> Work required: Repeat the data in full. Drop every picture.

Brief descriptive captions
--------------------------------------------------

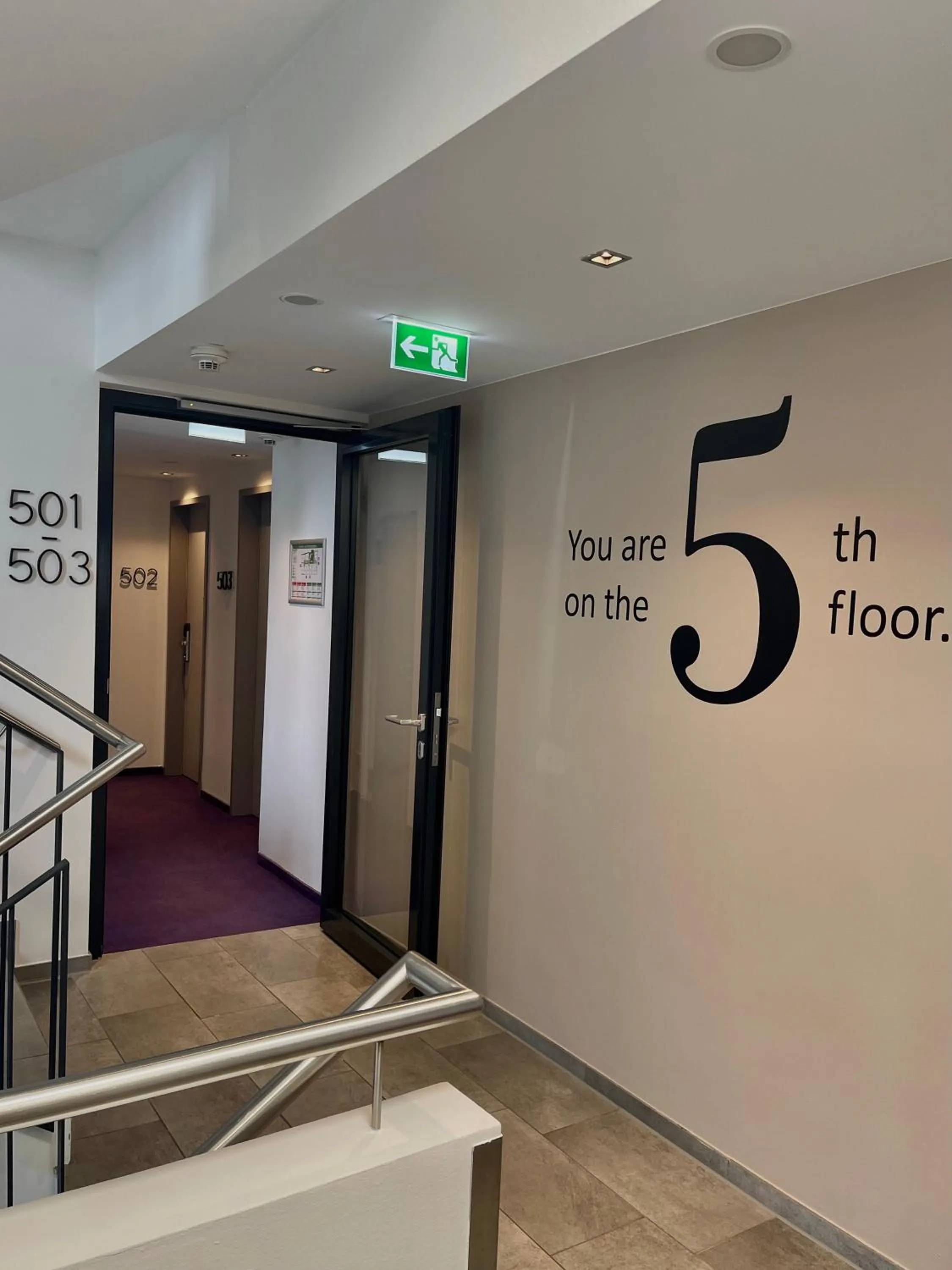 Logo/Certificate/Sign in Bayer's City Hotel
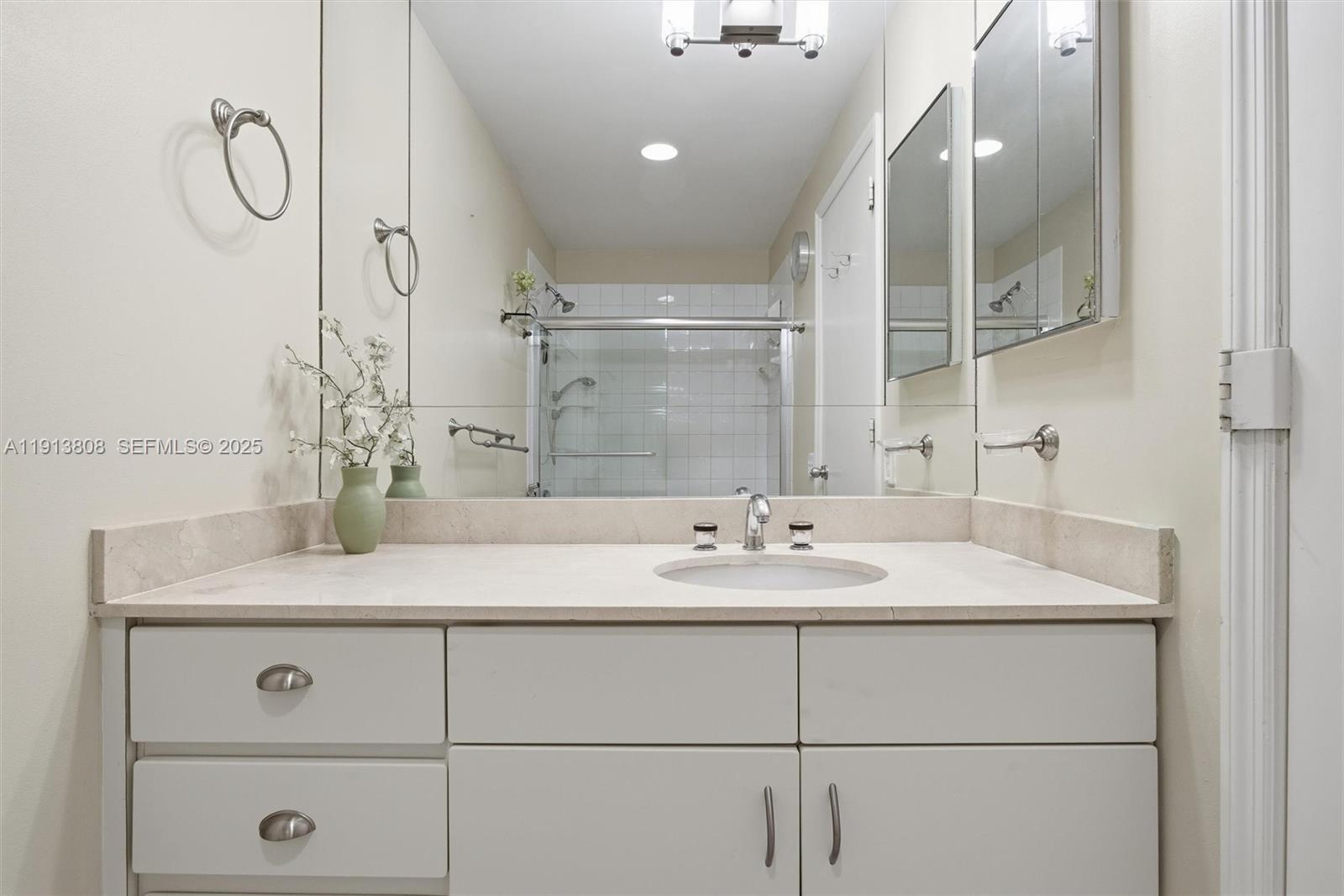 ONE TEQUESTA POINT CONDO - Residential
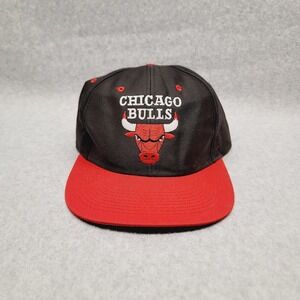 Logo 7 Chicago Bulls NBA Snapback Hat Cap Embroidered Logo Black Red Vintage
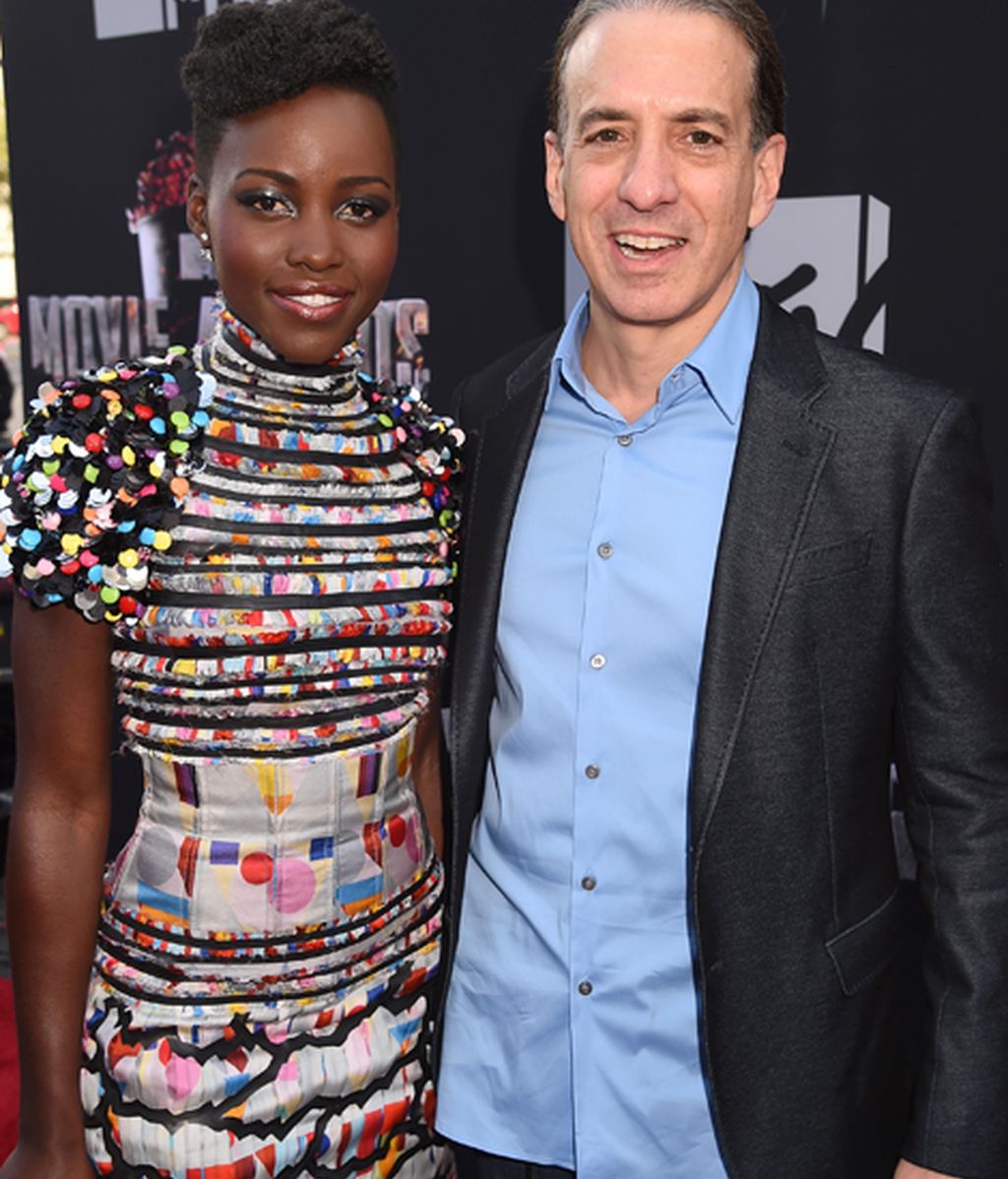Lupita Nyong'o y Van Toffler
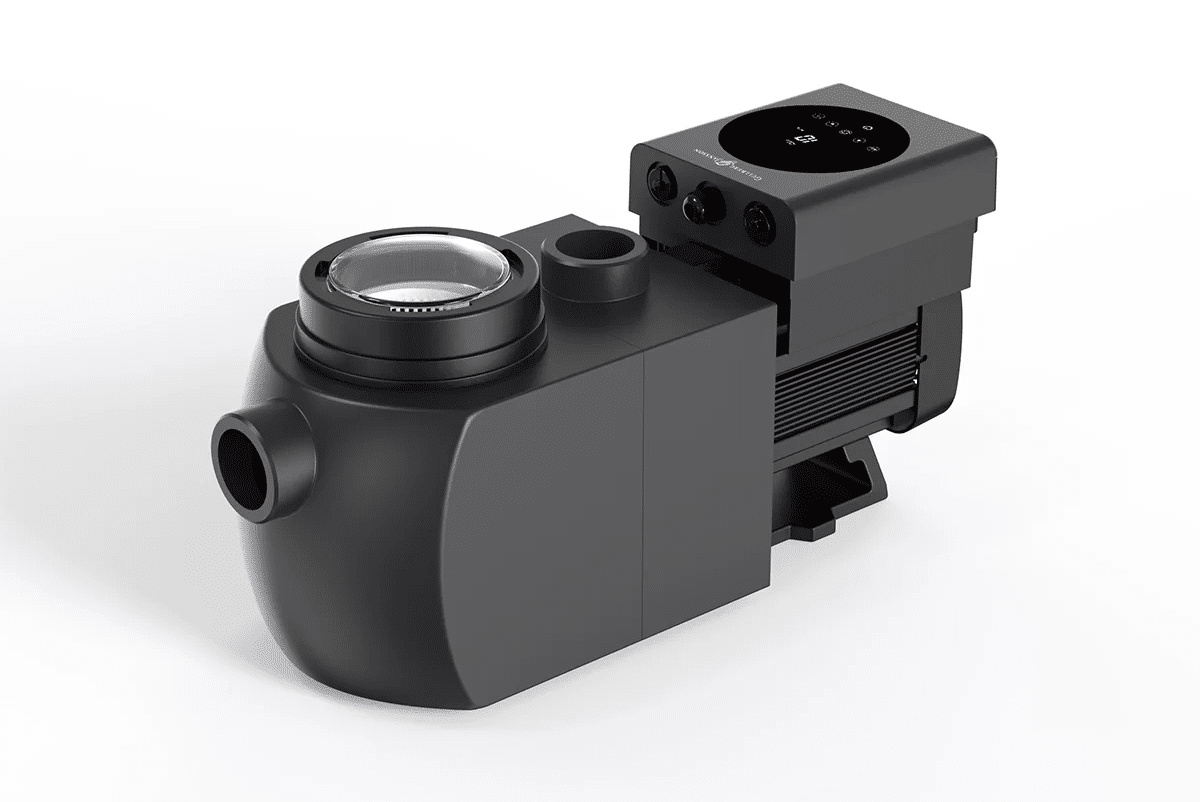 Poolpumpen mot en vit bakgrund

--------------------------------------------------

> Answer box:
 Logo/Certificate/Sign in Bayer's City Hotel
 ONE TEQUESTA POINT CONDO - Residential
 Logo 7 Chicago Bulls NBA Snapback Hat Cap Embroidered Logo Black Red Vintage
Lupita Nyong'o y Van Toffler
 Poolpumpen mot en vit bakgrund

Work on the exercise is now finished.